[INFORMATION SHOWN]
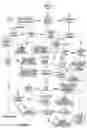 Fig. 57 - Encrypted Messaging System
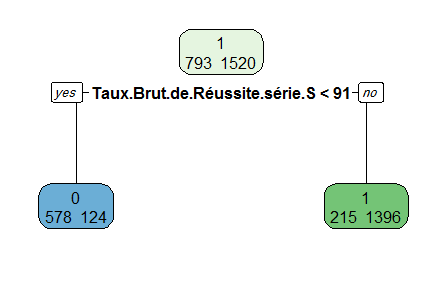 resulting tree graphic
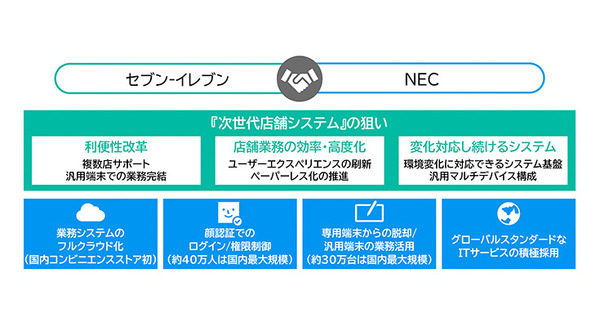 21,000店の業務改革へ　NECがセブン‐イレブンに提供する顔認証と国内初の次世代フルクラウド店舗システムとは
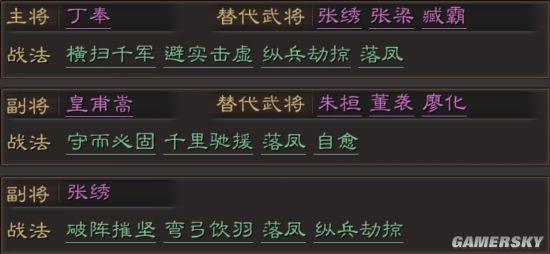 三国志,战略版张绣角色深度解析与趣味玩法探索,值得你精心培养吗?
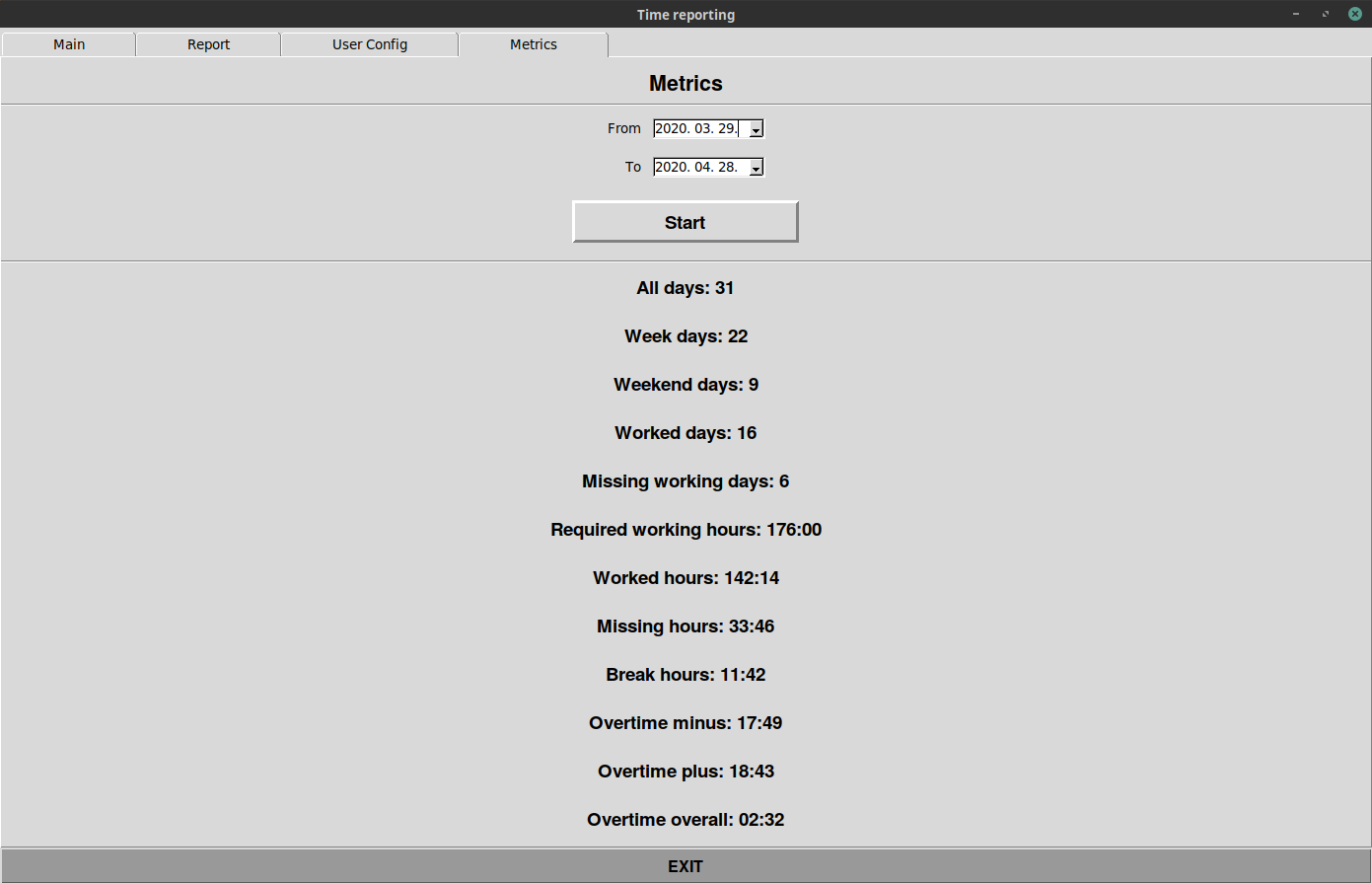 Metrics window example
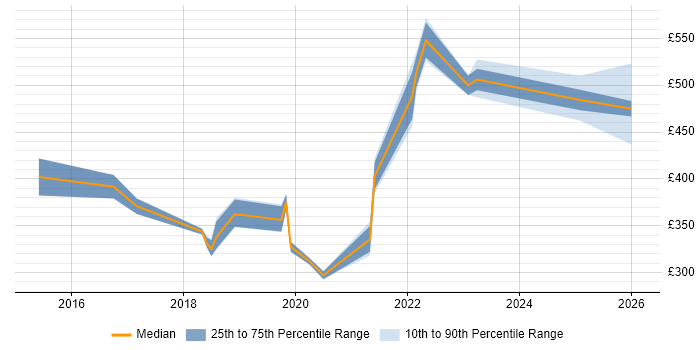 Contractor daily rate distribution trend for jobs in Warrington citing Power BI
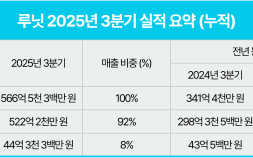 루닛, 3분기 매출 195억…전년 동기 대비 16.7%↑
[/INFORMATION SHOWN]
> _WHAT THE TASK REQUIRES_
From the top of the listing above, repeat each line exactly until you reach the line containing "Metrics window example", and repeat that one too. Leave the pictures out.

> _OUTPUT BELOW_
 Fig. 57 - Encrypted Messaging System
 resulting tree graphic
 21,000店の業務改革へ　NECがセブン‐イレブンに提供する顔認証と国内初の次世代フルクラウド店舗システムとは
 三国志,战略版张绣角色深度解析与趣味玩法探索,值得你精心培养吗?
 Metrics window example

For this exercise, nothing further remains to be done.